The gene activity signals that Moufarrej and her colleagues identified came from genes involved in pathways consistent with the development of preeclampsia, such as tissues related to the endothelial system, placenta and brain. (The brain is relevant because full-blown eclampsia causes seizures.) The scientists plan to use the work as a foundation for future studies into the way the condition develops.
Worldwide benefits
The scientists involved in both studies will validate their predictive tests in much larger, more diverse populations of women, with the goal of creating tests for universal use.

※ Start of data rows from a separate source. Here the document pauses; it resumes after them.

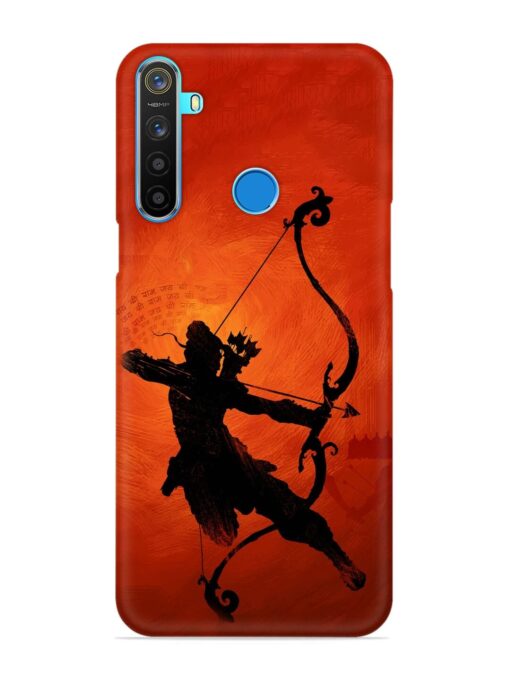 Illustration Lord Rama Snap Case for Realme 5S Zapvi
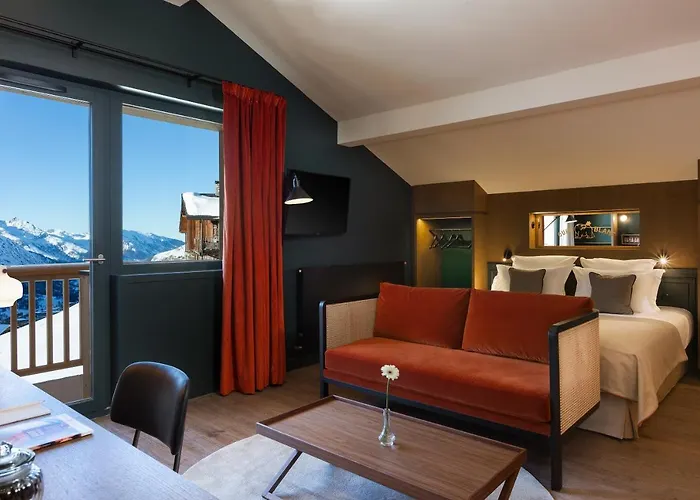 Ours Blanc Hotel&spa Saint-Martin-de-Belleville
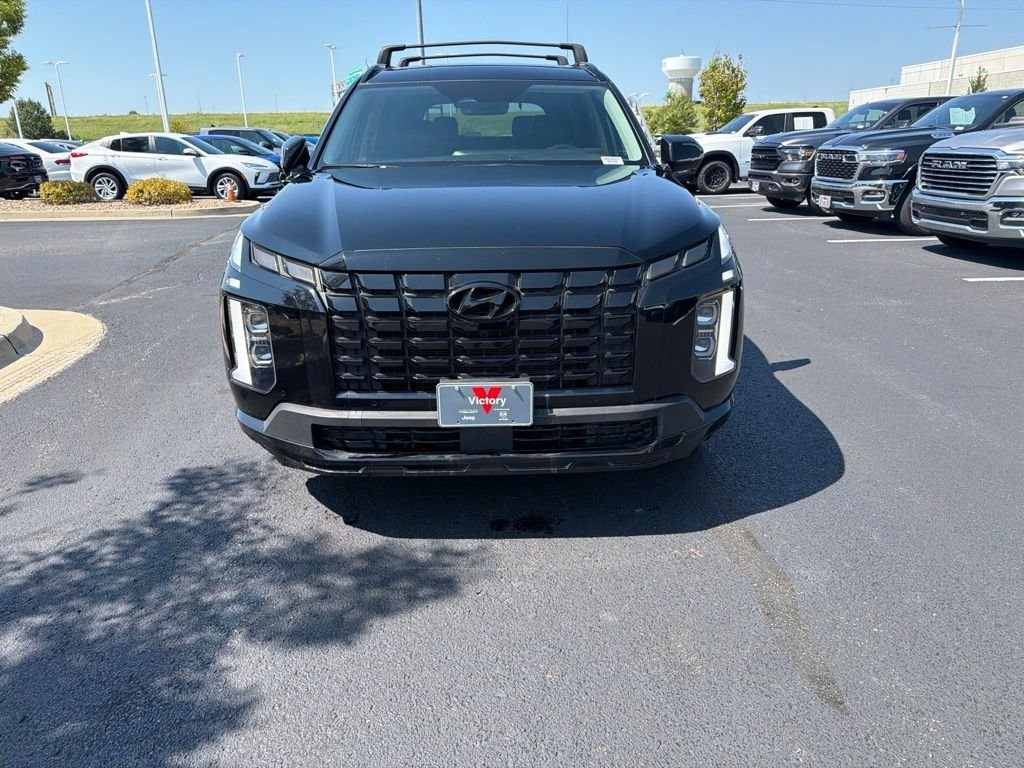 Used 2025 Hyundai Palisade XRT with VIN KM8R34GE4SU829667 for sale in Kansas City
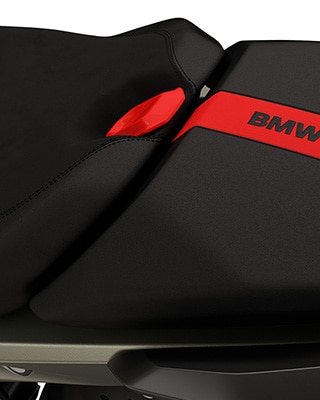 Lakovaná vložka sedadla modelu R 1300 RS od BMW Motorrad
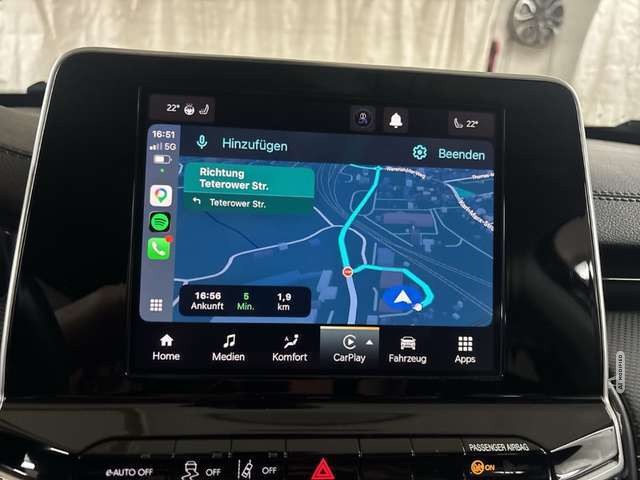 Jeep Compass 1.5 GSE Night Eagle LED Lenk-Sitzh.Kamera
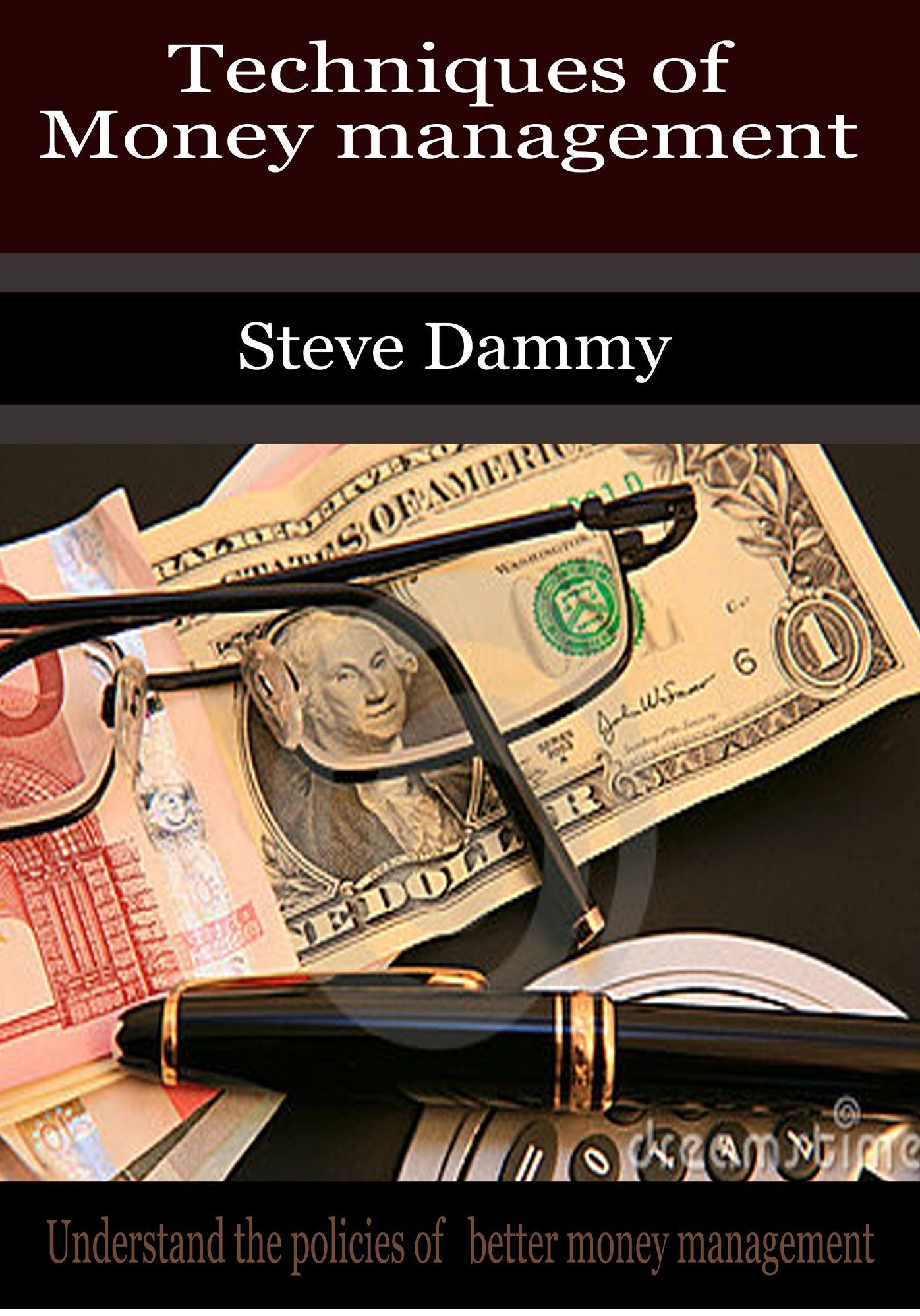 Techniques of Money management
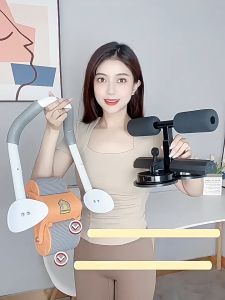 ที่ล็อคเท้า เครื่องบริหารหน้าท้อง อุปกรณ์ออกกำลังกาย เครื่องซิทอัพ SIT UP ออกกำลังกาย โครงสร้างที่ทนทานและแข็งแรง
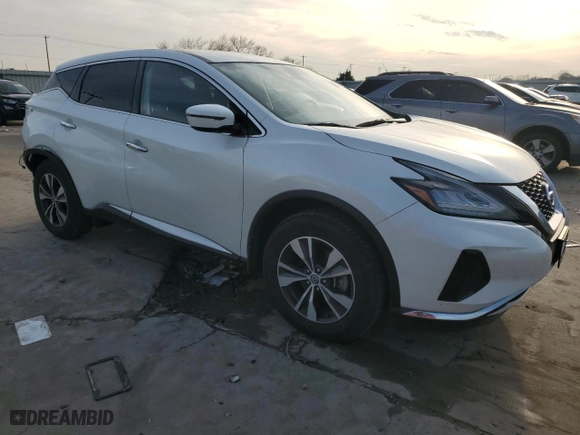 2020 Nissan Murano S with VIN 5N1AZ2AJ6LN122698, listed as a Copart auction lot 88970305 with 101,603 mi miles and Salvage Title. Bid and sale history available at carsss.com. Image 4.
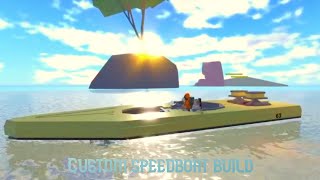 Whatever Floats Your Boat Custom Speedboat Build [upl. by Wyon]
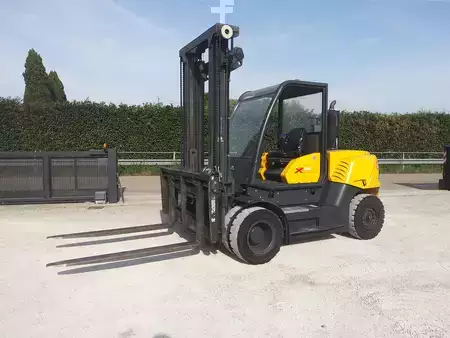 Diesel truck 2008  OM XD60 (1)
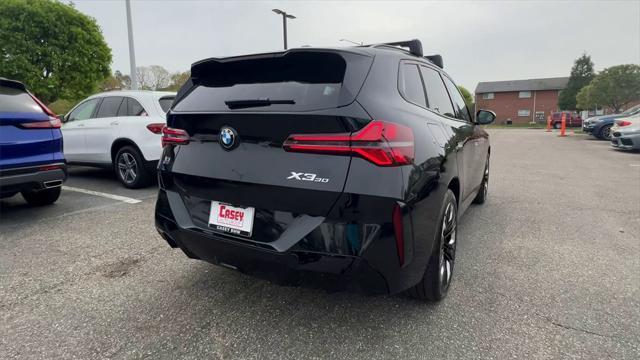 new 2025 BMW X3 car, priced at $62,645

Knowing more about how preeclampsia develops, and how to predict it, could have profound benefits for the world's most vulnerable moms, the researchers said, noting that an estimated 86% of maternal deaths worldwide occur in Asia and sub-Saharan Africa.
"This is where this type of test is really needed, where resources are very scarce," Marić said. Unlike women in high-income countries, many women in low-income regions give birth far from hospitals, limiting their access to emergency care when they show symptoms of preeclampsia or eclampsia. "If we can identify which pregnancies are at high risk early on, we can help get those women to health care facilities and prevent deaths."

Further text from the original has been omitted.